Pterygiums are growths of the mucous membrane or conjunctiva covering the eye’s white part. It often looks like a wedge-shaped benign or noncancerous growth. Treating pterygiums is usually unnecessary unless they interfere with your vision.
Treatment Options For Pterygium
Unless your pterygium causes severe discomfort or blocks your vision, you usually don’t need to treat it. You may need to see your eye doctor periodically to see if the growth affects your vision.
A doctor may prescribe corticosteroid eye drops or ointments if the pterygium is causing a lot of irritation or redness.
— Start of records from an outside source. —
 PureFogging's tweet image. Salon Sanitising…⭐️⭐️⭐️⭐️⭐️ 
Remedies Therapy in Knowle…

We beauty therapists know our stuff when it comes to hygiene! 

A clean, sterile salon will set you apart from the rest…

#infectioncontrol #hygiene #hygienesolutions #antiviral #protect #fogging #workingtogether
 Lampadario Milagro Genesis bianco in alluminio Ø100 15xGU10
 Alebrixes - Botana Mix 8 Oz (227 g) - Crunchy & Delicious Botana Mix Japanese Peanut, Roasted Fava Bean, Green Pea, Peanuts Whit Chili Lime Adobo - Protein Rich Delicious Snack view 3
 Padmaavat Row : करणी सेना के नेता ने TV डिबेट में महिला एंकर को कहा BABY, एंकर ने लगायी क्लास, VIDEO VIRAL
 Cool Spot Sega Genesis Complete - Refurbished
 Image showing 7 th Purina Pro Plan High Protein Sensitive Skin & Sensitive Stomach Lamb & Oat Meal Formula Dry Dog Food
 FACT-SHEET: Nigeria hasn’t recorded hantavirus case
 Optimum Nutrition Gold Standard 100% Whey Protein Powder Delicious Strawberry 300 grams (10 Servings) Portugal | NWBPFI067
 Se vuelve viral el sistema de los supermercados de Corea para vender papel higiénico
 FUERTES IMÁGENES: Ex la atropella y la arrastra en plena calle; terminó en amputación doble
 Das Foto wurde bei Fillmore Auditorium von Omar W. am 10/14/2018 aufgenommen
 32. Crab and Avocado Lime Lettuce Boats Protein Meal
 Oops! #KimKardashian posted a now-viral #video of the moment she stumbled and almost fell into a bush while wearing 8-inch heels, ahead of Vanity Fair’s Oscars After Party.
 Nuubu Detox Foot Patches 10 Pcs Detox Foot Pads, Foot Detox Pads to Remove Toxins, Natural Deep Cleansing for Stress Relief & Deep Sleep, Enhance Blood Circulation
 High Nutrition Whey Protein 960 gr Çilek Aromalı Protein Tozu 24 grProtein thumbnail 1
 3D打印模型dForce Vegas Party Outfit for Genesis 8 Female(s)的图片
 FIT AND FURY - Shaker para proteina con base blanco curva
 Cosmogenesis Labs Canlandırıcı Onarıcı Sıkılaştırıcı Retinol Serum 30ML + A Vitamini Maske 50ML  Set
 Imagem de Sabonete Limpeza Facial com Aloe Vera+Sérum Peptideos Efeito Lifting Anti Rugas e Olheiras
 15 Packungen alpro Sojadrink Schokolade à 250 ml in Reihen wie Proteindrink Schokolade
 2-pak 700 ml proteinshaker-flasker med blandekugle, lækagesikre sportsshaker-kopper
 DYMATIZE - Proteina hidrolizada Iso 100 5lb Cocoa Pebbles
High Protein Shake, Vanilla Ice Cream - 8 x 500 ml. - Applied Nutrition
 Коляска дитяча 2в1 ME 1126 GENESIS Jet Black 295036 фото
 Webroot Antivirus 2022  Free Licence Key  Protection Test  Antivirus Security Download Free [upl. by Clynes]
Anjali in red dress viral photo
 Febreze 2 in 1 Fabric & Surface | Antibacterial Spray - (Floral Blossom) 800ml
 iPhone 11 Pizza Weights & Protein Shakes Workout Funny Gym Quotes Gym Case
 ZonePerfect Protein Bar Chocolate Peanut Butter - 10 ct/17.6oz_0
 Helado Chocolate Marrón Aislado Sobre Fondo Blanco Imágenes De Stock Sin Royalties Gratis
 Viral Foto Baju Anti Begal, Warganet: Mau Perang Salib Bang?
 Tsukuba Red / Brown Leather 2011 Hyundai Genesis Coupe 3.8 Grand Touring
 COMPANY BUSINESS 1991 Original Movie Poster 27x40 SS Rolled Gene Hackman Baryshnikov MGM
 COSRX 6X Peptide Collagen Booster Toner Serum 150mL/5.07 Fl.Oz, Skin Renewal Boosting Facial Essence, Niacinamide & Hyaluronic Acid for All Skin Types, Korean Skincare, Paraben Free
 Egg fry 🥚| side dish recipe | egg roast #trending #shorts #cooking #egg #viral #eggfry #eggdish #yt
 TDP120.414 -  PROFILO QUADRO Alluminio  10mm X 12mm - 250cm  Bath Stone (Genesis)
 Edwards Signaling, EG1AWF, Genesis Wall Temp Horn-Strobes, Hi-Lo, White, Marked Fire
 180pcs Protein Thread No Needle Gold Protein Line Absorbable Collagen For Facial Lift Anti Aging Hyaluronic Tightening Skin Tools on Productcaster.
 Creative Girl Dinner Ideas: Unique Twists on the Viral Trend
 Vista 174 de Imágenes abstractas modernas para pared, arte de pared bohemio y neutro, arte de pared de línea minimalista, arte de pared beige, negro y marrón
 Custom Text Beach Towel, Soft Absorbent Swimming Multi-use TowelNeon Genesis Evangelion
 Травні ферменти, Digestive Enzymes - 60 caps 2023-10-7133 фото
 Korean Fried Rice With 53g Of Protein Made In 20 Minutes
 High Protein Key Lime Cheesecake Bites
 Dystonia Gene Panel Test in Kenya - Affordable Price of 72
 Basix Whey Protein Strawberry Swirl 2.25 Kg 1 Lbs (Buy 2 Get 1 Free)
Surgery may be recommended if eye drops or ointments don’t relieve your symptoms. Surgery may also be needed if a pterygium causes blurry vision or astigmatism. If you wish to remove the pterygium for cosmetic reasons, you can discuss surgical procedures with your doctor.
What Causes Pterygium?
Pterygium’s exact cause is unknown. UV light exposure can lead to these growths. This condition is more common in people who live in warm climates and spend a lot of time outside in windy or sunny environments. The risk of developing this condition is higher for those who routinely expose their eyes to certain elements like pollen and sand.
What are the symptoms?
There are often no symptoms associated with pterygiums. In most cases, the symptoms are mild. Eye irritation, redness, and blurred vision are common symptoms. A burning or itchiness sensation may also occur. Pterygiums can interfere with your vision if they grow large enough to cover your cornea. Pterygiums that are thick or large can also feel like foreign objects in your eye. When you have a pterygium, you may be unable to wear contact lenses.
How serious is Pterygium?
Scarring on the cornea can result from a pterygium, which is rare. It is important to treat corneal scarring as it can impair vision. Eye drops or ointments are usually used to treat minor inflammations. Surgery can be used to remove a pterygium in more severe cases.